Down Under, Part 2: Beaver Creek as it appears today

This post first appeared on PhillyH2o in Fall 2008.

On September 15, 2008, I had a second chance to delve into Philadelphia’s underworld. Along with Charles Brown and Conrad Coldwell, PWD sewer inspectors, and Philadelphia Inquirer reporter Melissa Dribben and photographer John Costello, I entered a sewer under the University of Pennsylvania.

Built to encapsulate the former Beaver Creek, the sewer drained a large portion of both the Penn and Drexel University campuses, and it seemed that half the students were taking hot showers that morning. The flow was swift and the pipes (which were six feet wide and ranged from six to fifteen feet high) were steamy, with the temperature probably in the 80s and humidty seeming to be about 100 percent.

We were drenched with sweat after the hour-long journey, only managing to make it about about one block upstream before we turned around. John took pictures for Melissa’s article, which appeared in the September 21st edition of the paper. The article helped publicize events during the September 20-21 “Water Walk Weekend,” sponsored by the American Philosophical Society Museum, which featured a full-size, on-the-ground depiction of historic Dock Creek, by artist Winifred Lutz, and for which I gave a brief version of my Creek to Sewer lecture several times each day.

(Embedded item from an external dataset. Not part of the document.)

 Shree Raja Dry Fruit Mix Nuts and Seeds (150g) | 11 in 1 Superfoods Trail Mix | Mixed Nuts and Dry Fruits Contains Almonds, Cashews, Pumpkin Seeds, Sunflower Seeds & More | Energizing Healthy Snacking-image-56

Special thanks go to the PWD Sewer Maintenance Exam Crew for making this sewer tour possible: foreman Joseph Hall, driver Stanley Robinson, sewer inspectors Brown and Coldwell, and laborer Angela Kenan.


Photographs by John Costello and Adam Levine

BELOW: To safely descend down the manhole ladder into the sewer, a tripod is set up over the hole with a safety rope attached. The rope is slowly let out as Sewer Inspector Conrad Coldwell descends. If he slips on the rungs, the rope will stop his fall.

BELOW: Once down in the sewer, Conrad unhooks to help Melissa Dribben down to the bottom. The trash on the rung at her bottom foot marks the high flow during a recent storm. Walking in a sewer is more like slogging, sliding the boots along the bottom of pipe, keeping to the center, since the sides are sloped and often slippery.

BELOW: Sewer Inspector Charles Brown, crawled up a 3-foot diameter storm sewer, and invited the three novices to try it, and we did. To get out of such a small pipe, the only way to go is backwards.

BELOW: Sewer inspectors often tell novices tall tales, to scare them, as Conrad seems to be doing here in the first photo to photographer John Costello.

BELOW: On our short walk, we went from a 15′ high pipe into an 11′ pipe and then a 6′ pipe. Water bugs were everywhere – as Conrad said, we were in their home.

BELOW: The sewer was dark, except for three flashlights for the five of us. It was also very hot – we were drenched with sweat by the end of the hour underground. The bugs were large and in spite of my funny face, harmless. Note the sweat beads on my face.

BELOW: By the end of our hour underground, the novices were ready to get back into the the fresh air and sunshine on the surface.

A sewer inspector’s job is just what it sounds like – to inspect the pipes and look for potential problems. Often, they are searching for the source of bad odors that have been reported on the surface.

Sewer maintenance crews such as the one that accompanied us on this tour do a dirty job that helps everyone in the city stay healthy. Preserving public health is why Philadelphia began supplying public water to its citizens in 1801, and more than 200 years later it remains the focus of the Philadelphia Water Department.

Without water treatment plants to make Schuylkill and Delaware water fit for human consumption; without 3,000 miles of pipes to deliver that water and an equal length of even larger pipes to carry away the “dirty water” (or sewage); and without three sewage treatment plants to capture and purify those wastes, a city as large and densely populated as Philadelphia would suffer terrible epidemics of water-borne disease.